WHAT YOU NEED TO DO: Print exactly the lines that run from the one containing "Oninder Black Vibrating Egg - Kostenlose App" to the final line of the data, both included, and print none of the pictures.

SUPPLIED DATA:

-------------------------

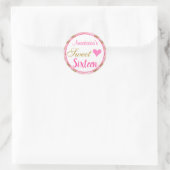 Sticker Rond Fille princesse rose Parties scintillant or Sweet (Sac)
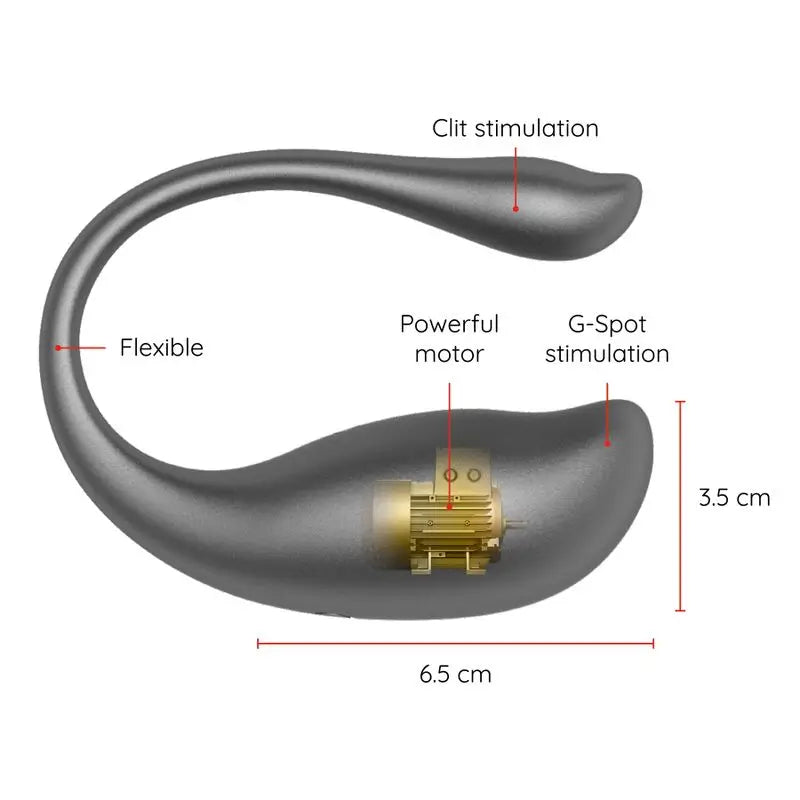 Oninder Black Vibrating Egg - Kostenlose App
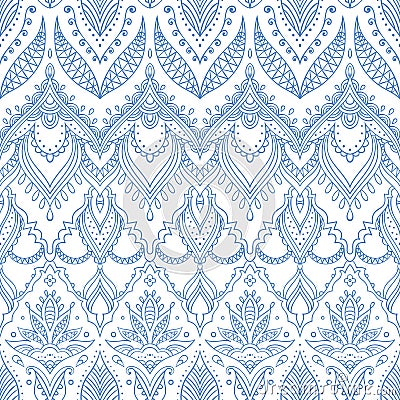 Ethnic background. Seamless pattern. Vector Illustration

-------------------------

PROBLEM SOLUTION:
 Oninder Black Vibrating Egg - Kostenlose App
 Ethnic background. Seamless pattern. Vector Illustration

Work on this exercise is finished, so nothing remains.